Peu à peu hat die Bundesrepublik große Teile des Sozialwesens den Kirchen anvertraut. Dahinter steht die Philosophie des schlanken Staats: Während internationale Investoren zum Beispiel Stadtwerke übernehmen durften, konnten Kirchen bei Krankenhäusern und Kindergärten zugreifen. Übersehen wurde dabei nur, dass Finanzmanager wie Gottesleute nicht die Ziele der öffentlichen Hand verfolgen, sondern ihre eigene Agenda.
"Der Staat kauft sich mit der Kirche als Träger seiner Aufgaben Sonderregelungen mit ein, die in der heutigen Zeit an ihre Grenzen stoßen", kritisiert die Autorin Eva Müller in ihrem gerade erschienenen Buch "Gott hat hohe Nebenkosten".

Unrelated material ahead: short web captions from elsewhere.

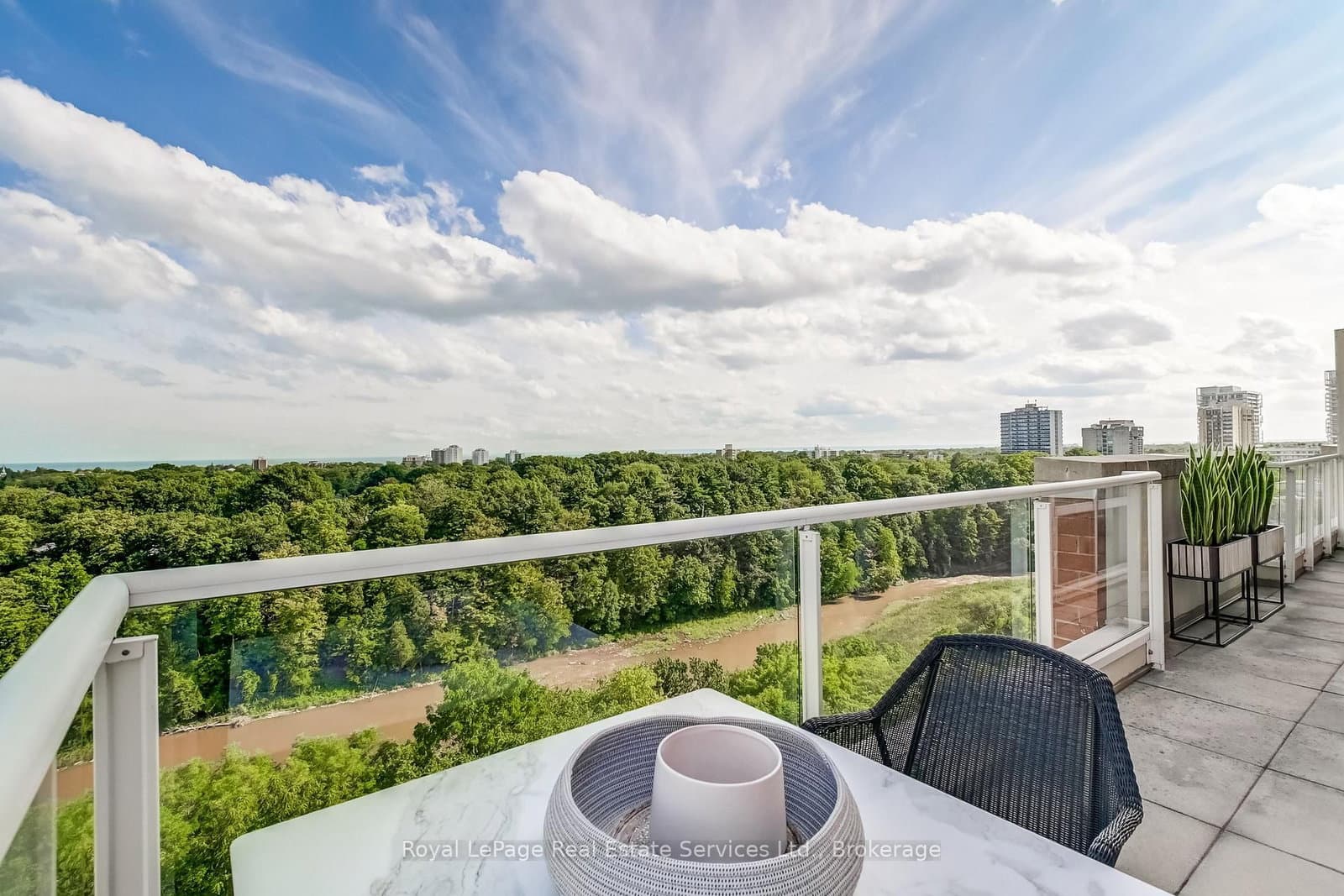 60 Old Mill Road, Unit PH1 thumbnail 39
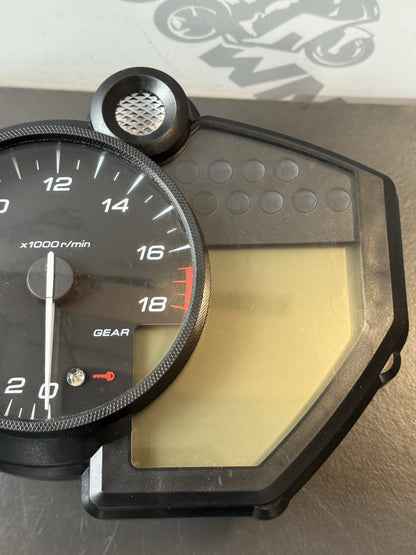 124797ae-589a-4c42-9f71-ea3349585ede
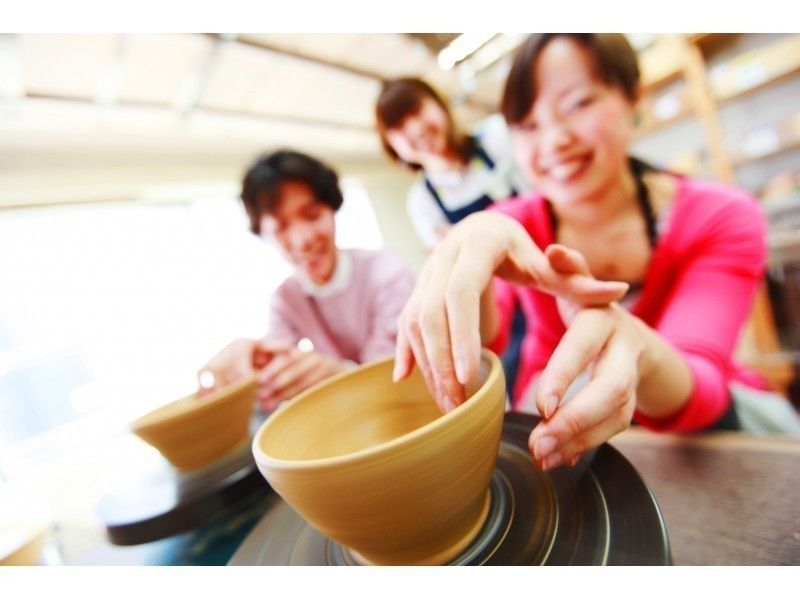 【大阪南堀江☆なんば駅】挑戦派？ 癒し派？ アート派？駅近で陶芸トリップ♪☆陶芸一日体験 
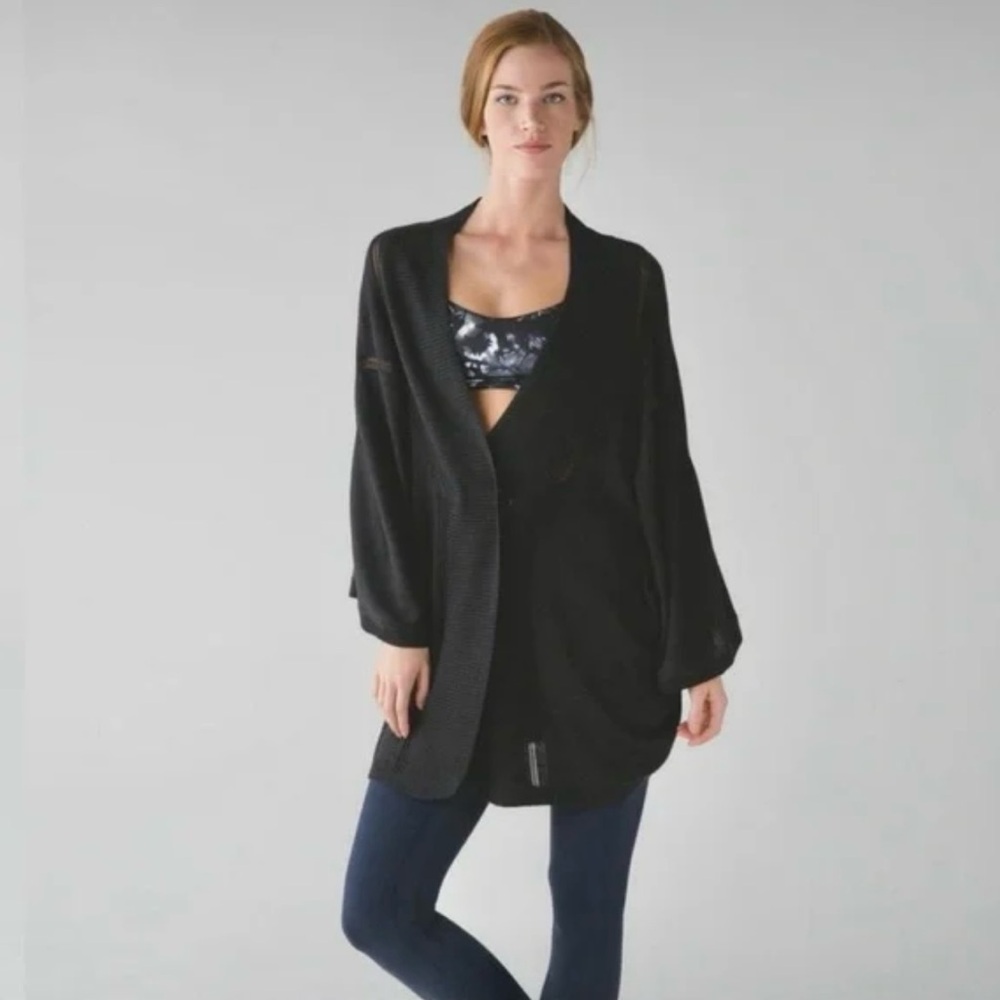 Lululemon Breeze Easy Wrap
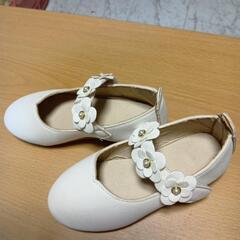 可愛いお花の付いた白い女児靴の画像
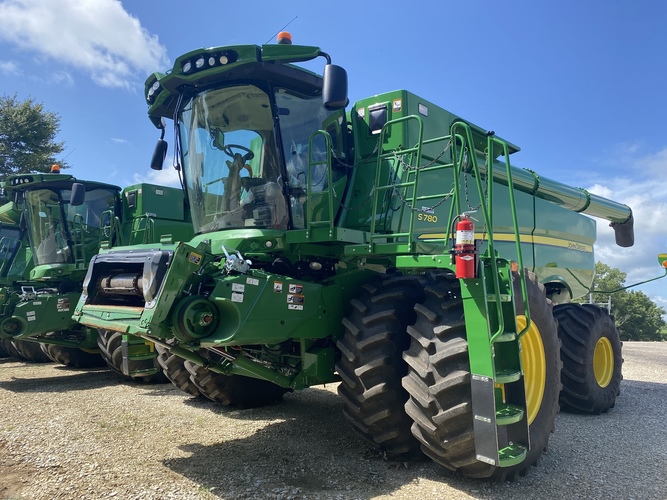 John Deere S780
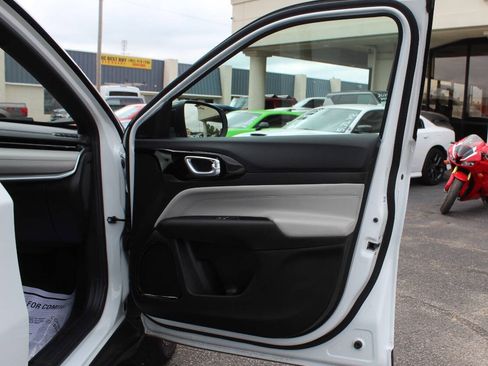 Used 2025 Jeep Compass Limited AWD/4WD image 10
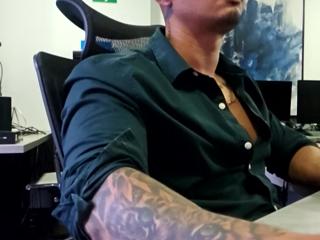 Azir webcam model stream image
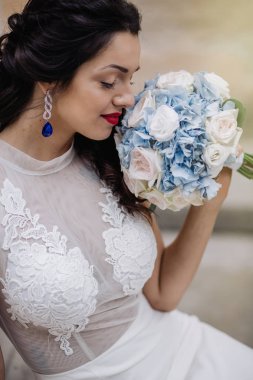 Düğün günü. Şık güzel gelin. 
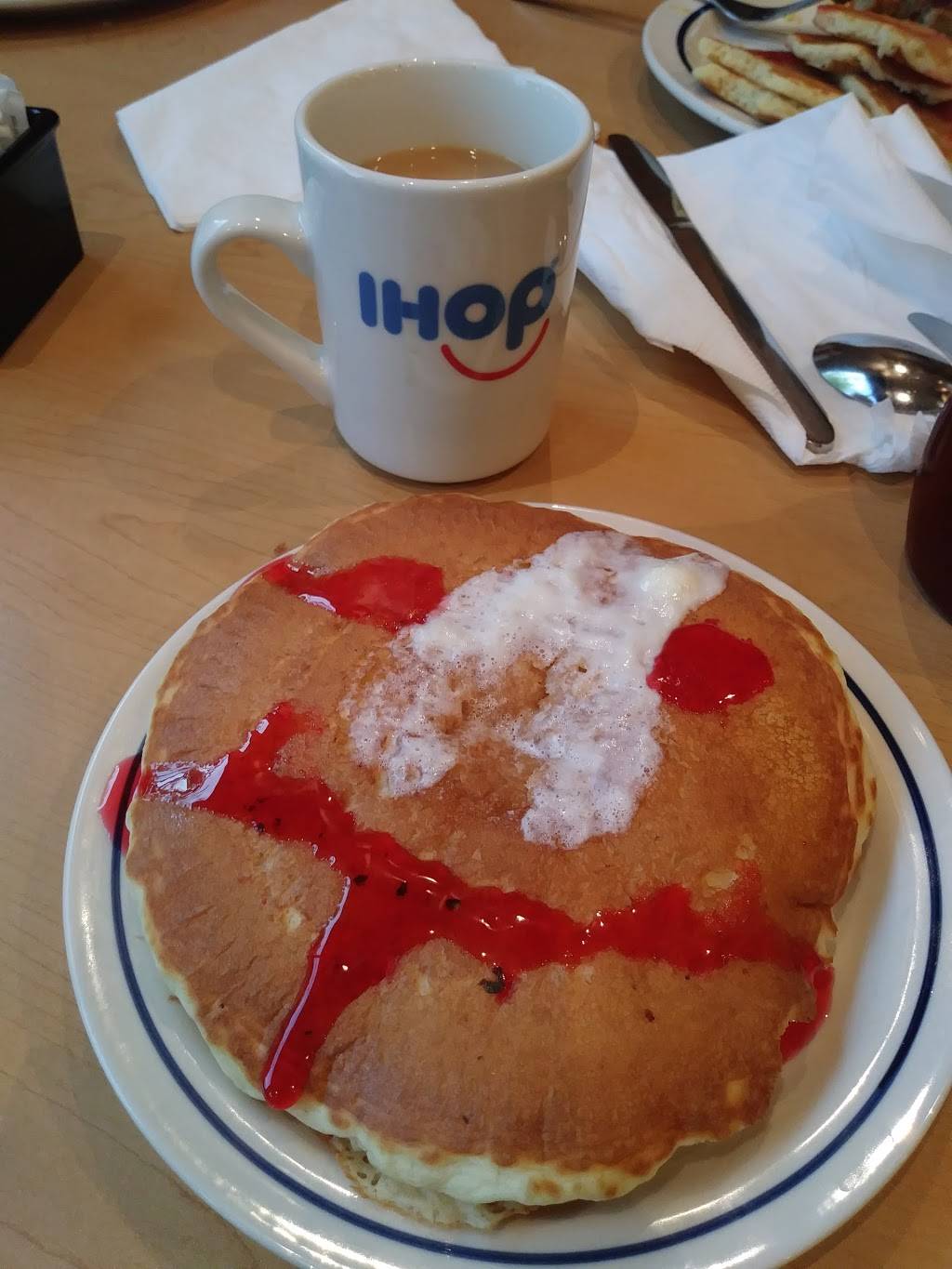 IHOP | restaurant | 7830 N Central Expy, Dallas, TX 75206, USA | 2143466520 OR +1 214-346-6520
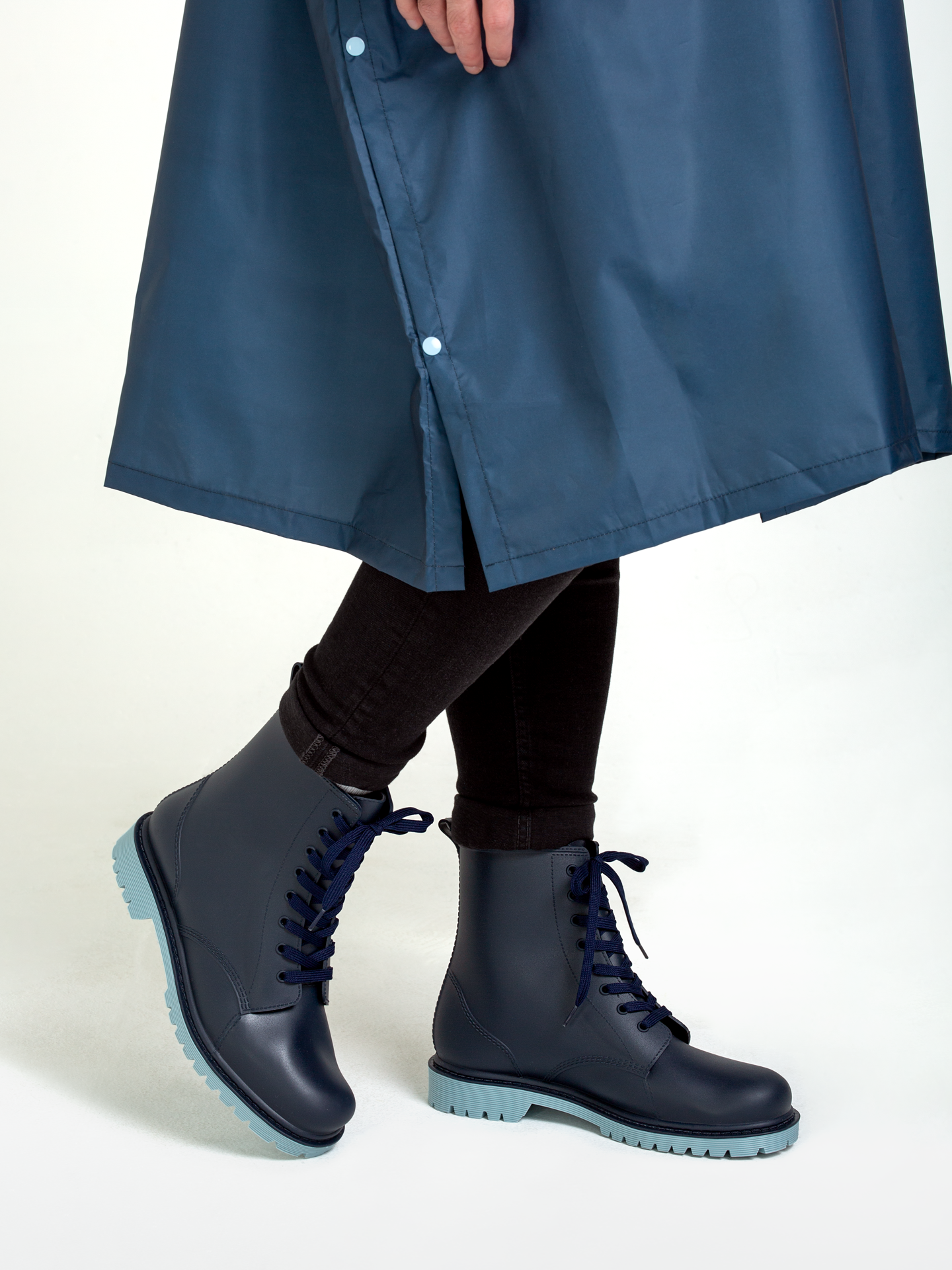 dark-blue-mens-rain-boots-96/967a0266f06ac6810978da61cdef4b7e1570e168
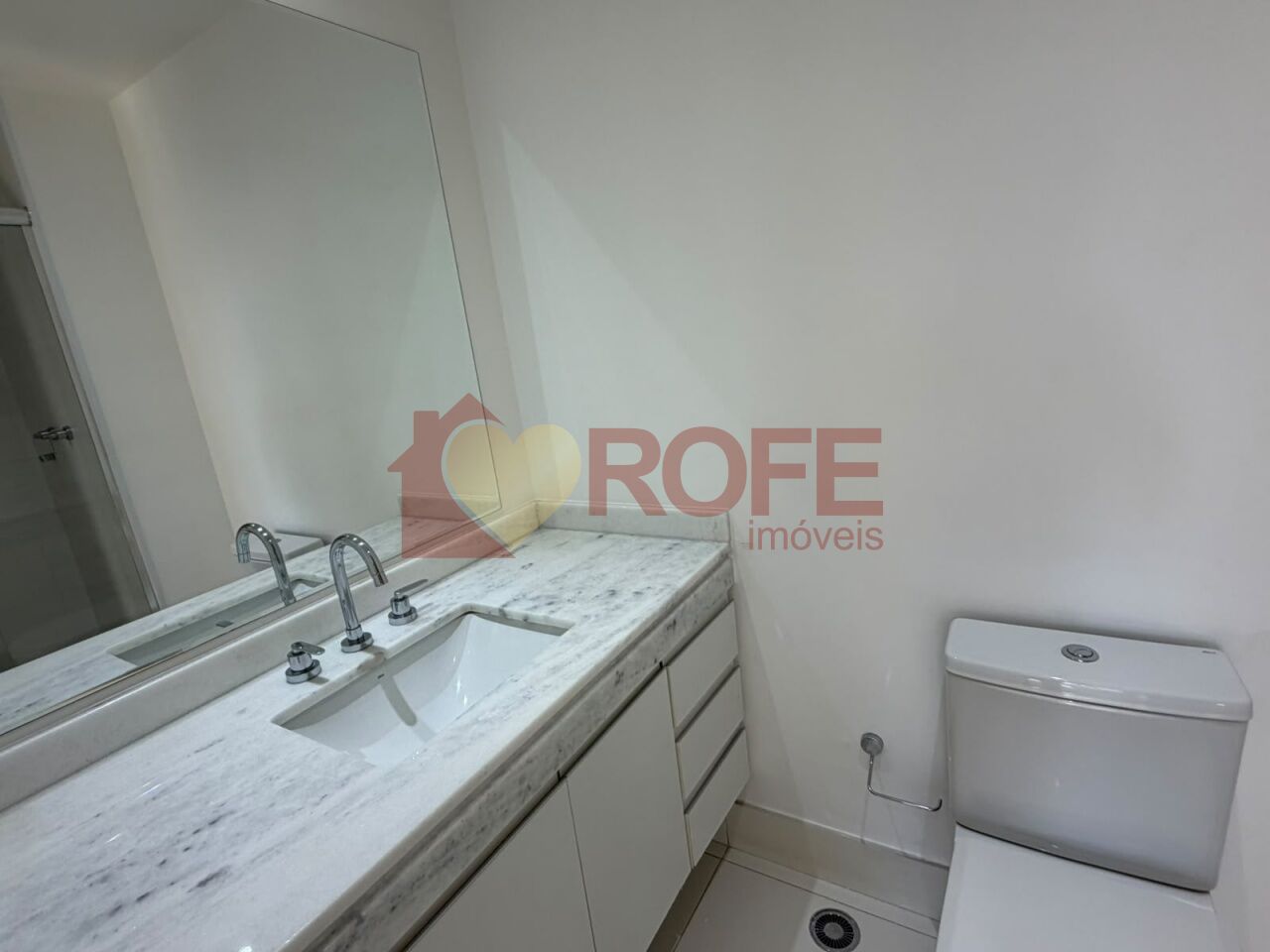 Foto 15 - RF49491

Für kirchliche Angestellte sind die Folgen oft gewaltig: Wer sich scheiden lässt, ist schnell auch seinen Arbeitsplatz los. Man muss nicht schwul sein, um seinen Job zu verlieren - es reicht manchmal schon aus, sich verständnisvoll über Homosexualität zu äußern. Paare, die eine künstliche Befruchtung versuchen, haben im Kirchendienst ebenfalls nichts zu suchen.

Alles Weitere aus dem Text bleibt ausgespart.